The capsule separated from the rocket minutes into the flight and spent about 3 minutes at the height of an arc just over the Kármán line, the altitude at which space begins.
The rocket booster, with NASA sensors mounted on the exterior, landed smoothly about 7 minutes, 30 seconds after launch. The capsule landed with the aid of parachutes a few minutes later, kicking up a cloud of dust and sand.
The NASA experiment is part of the agency's Tipping Point program, which seeks to demonstrate technology that can be adopted by private industry.
The project includes a collection of sensors designed to help locate a safe site on the moon for upcoming landings, according to NASA and Blue Origin's mission description. Some of the sensors use LIDAR, or Light Detection and Ranging technology, which uses laser light to map out the surface.
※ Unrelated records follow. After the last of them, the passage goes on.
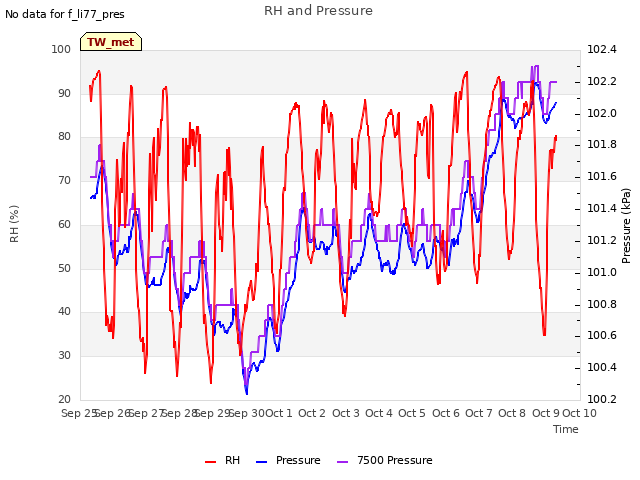 plot of RH and Pressure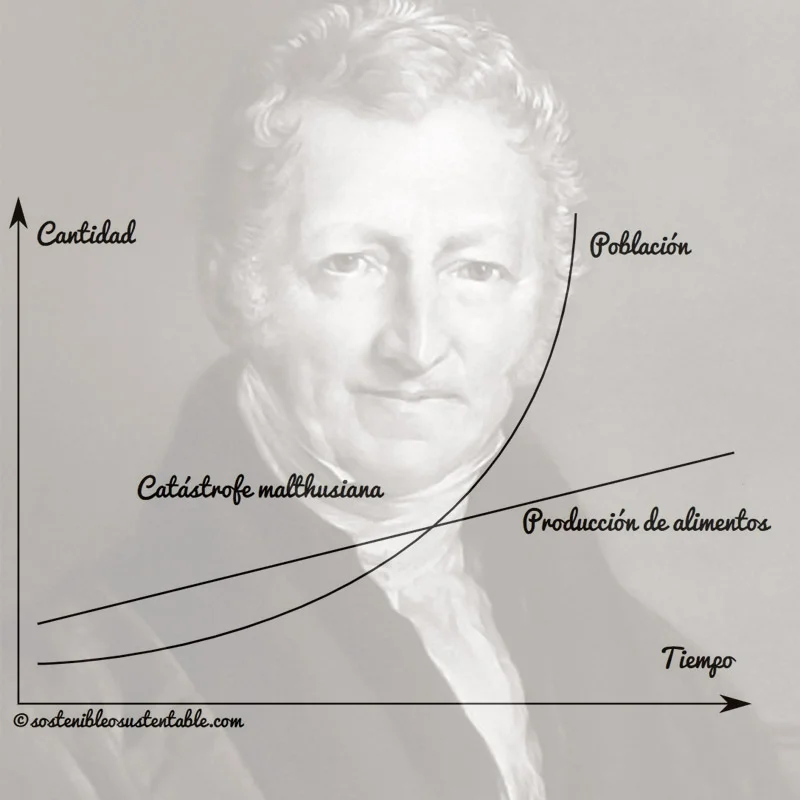 El Impacto del Malthusianismo en la Sociedad Moderna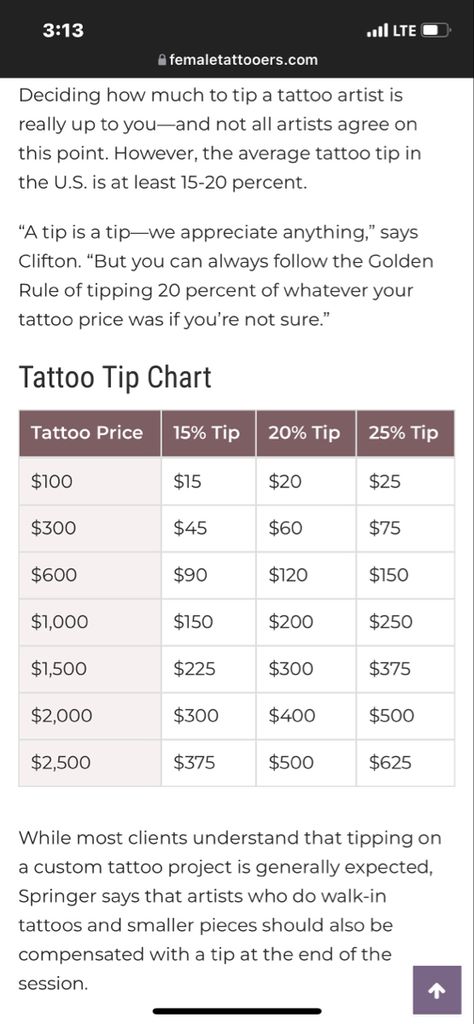 Tattoo Pricing Chart, Tattoo Prices Chart, Golden Rule Tattoo, Tattoo Pricing, Tattoo Prices, Tattoo Business, Top Tattoos, Price Chart, Aesthetic Tattoo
"A NASA-developed sensor suite could allow robotic and crewed missions to land precisely on the lunar surface within half the distance of a football field," NASA said of the project. "The rocket's flight path is relevant to lunar landings, providing a unique opportunity to mature sensors and algorithms for potential use on Artemis [moon] missions."
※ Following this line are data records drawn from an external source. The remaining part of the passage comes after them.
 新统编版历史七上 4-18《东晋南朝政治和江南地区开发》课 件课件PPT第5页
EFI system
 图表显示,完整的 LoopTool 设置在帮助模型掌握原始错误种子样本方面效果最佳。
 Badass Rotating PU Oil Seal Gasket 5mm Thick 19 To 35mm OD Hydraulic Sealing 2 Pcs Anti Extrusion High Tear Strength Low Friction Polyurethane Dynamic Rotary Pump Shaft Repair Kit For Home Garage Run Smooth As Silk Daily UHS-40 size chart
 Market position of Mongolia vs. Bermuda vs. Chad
Those sensors require clear skies to function properly, which is why the mission had been delayed once in September due to cloudy weather at the launch site. But Tuesday's weather was ideal, Blue Origin CEO Bob Smith said.
"It's a great day for us to actually try that new type of experimentation on the outside of the vehicle," Smith said during a prelaunch broadcast.
Lunar landings are important to Blue Origin because it leads the so-called National Team in developing a human lander for future moon missions. The team includes Lockheed Martin, Northrop Grumman and Draper.
The sensors are the first payload to fly mounted on the exterior of a New Shepard booster rather than inside its capsule, which the company said could open up opportunities for other exterior technology, including "a wide range of future high-altitude sensing, sampling and exposure payloads."
The launch would be the 13th New Shepard mission and the seventh consecutive flight for the rocket, which is 60 feet high and emits 110,000 pounds of thrust.
The company, owned by Amazon founder Jeff Bezos, one day wants to fly space tourists in a capsule designed for six people as it also develops its larger New Glenn rocket.
At least two plant experiments are in the rocket's capsule for the so-called NS-13 mission, one of which was designed by researchers at the University of Florida's Ferl/Paul Space Plants Lab.
Other payloads on board the so-called NS-13 mission include experiments from Johns Hopkins University Applied Physics Laboratory in Maryland, NASA's Armstrong Flight Research Center in California and Colorado-based Space Lab Technologies.